Termasuk juga jenjang karir dan keahlian masing-masing profesi tersebut. Dikarenakan profesi alat negara yang tercantum dalam Pasal 30 UUD 1945 terdiri dari pertahanan dan keamanan yaitu TNI dan Polri, mempunyai tugas, fungsi dan kewenangan masing-masing sesuai undang-undang.

“Oleh karena itu, penentuan batas usia pensiun ditentukan oleh pembentuk undang-undang berdasarkan kebutuhan masing-masing institusi tersebut sesuai tugas dan kewenangannya. Penentuan batas usia pensiun tersebut tentunya harus berdasarkan kebutuhan personel dan keahlian yang dibutuhkan berdasarkan analisa jabatan, baik yang ada di kepolisian maupun TNI,” tandas Arteria.

Sebelumnya, Euis Kurniasih dan empat Pemohon lainnya melakukan pengujian Pasal 53 Undang-Undang Nomor 34 Tahun 2004 tentang Tentara Nasional Indonesia, “Prajurit melaksanakan dinas keprajuritan sampai usia paling tinggi 58 (lima puluh delapan) tahun bagi perwira, dan 53 (lima puluh tiga) tahun bagi bintara dan tamtama”.

Selain itu, menguji Pasal 71 huruf a UU TNI frasa “Usia pensiun paling tinggi 58 (lima puluh delapan) tahun bagi perwira dan 53 (lima puluh tiga) tahun bagi bintara dan tamtama”.

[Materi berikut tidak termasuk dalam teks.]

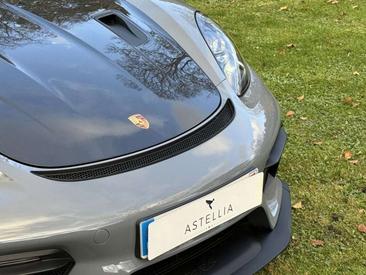 Porsche 718 Cayman GT4 RS — photo 20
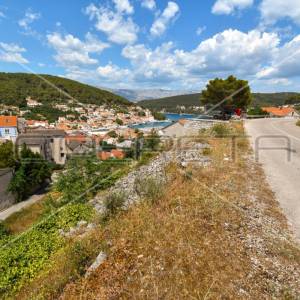 Građevinsko zemljište u Pučišćima na Braču, blizu centra i s pogledom na more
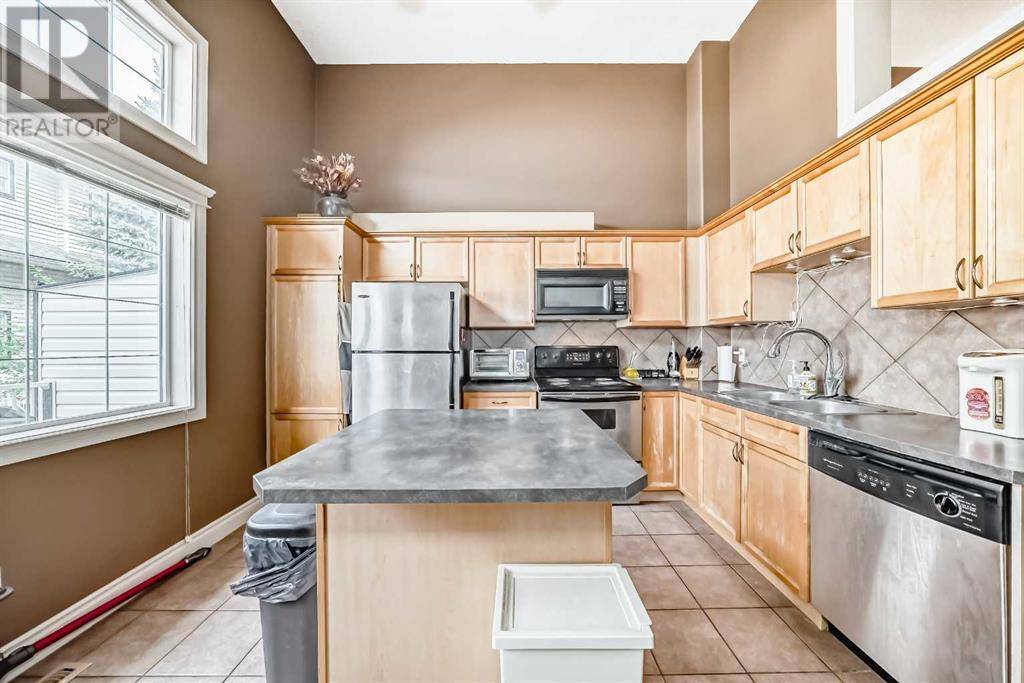 11 Cougar Ridge Mews SW, Calgary, AB T3H5P3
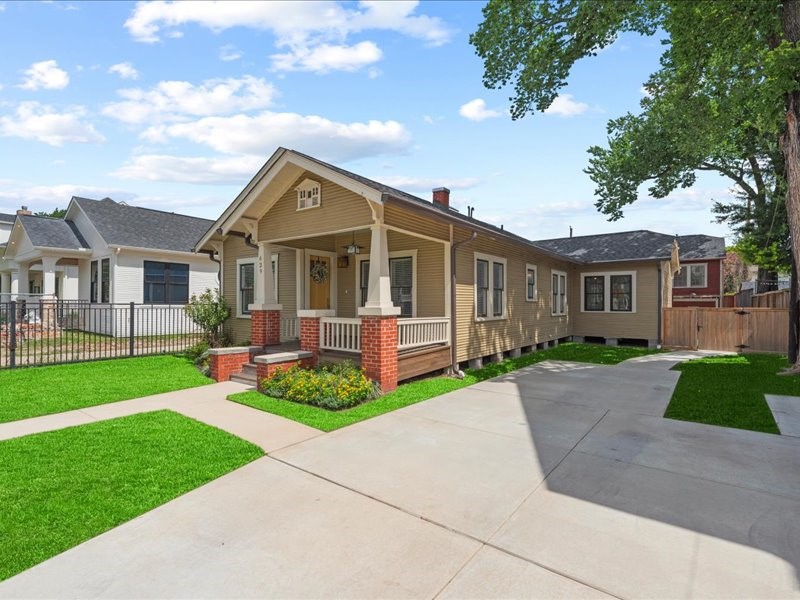 Listing photo 1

Pasal-pasal yang diujikan tersebut berisi aturan mengenai batas usia pensiun prajurit TNI. Dalam permohonannya, para Pemohon mendalilkan adanya perbedaan batas usia pensiun prajurit TNI sebagaimana diatur dalam pasal-pasal yang diujikan dengan batas usia pensiun anggota Polri. Menurut para Pemohon, pengaturan usia pensiun anggota Polri tidak dibedakan berdasarkan golongan kepangkatan, melainkan berlaku untuk seluruh anggota Polri yaitu, usia pensiun paling tinggi 58 tahun.

Para Pemohon menilai Pasal 53 dan Pasal 71 huruf a UU TNI telah menimbulkan perbedaan perlakuan antara Prajurit TNI dengan anggota Polri yang mempunyai kesamaan sebagai alat negara yang menjalankan usaha pertahanan dan keamanan negara, telah secara nyata memberi perlakuan yang berbeda terhadap hal yang sama sehingga secara esensi bertentangan dengan ketentuan Pasal 27 ayat (1) UUD 1945 dan pada saat yang sama bertentangan pula dengan prinsip kepastian hukum yang adil sebagaimana ditentukan dalam Pasal 28D ayat (1) UUD 1945.

Untuk itu, dalam petitumnya, para Pemohon meminta agar norma Pasal 53 dan Pasal 71 huruf a UU TNI harus dinyatakan bertentangan dengan Pasal 27 ayat (1) dan ayat (2) UUD 1945 dan Pasal 28D ayat (1) UUD 1945.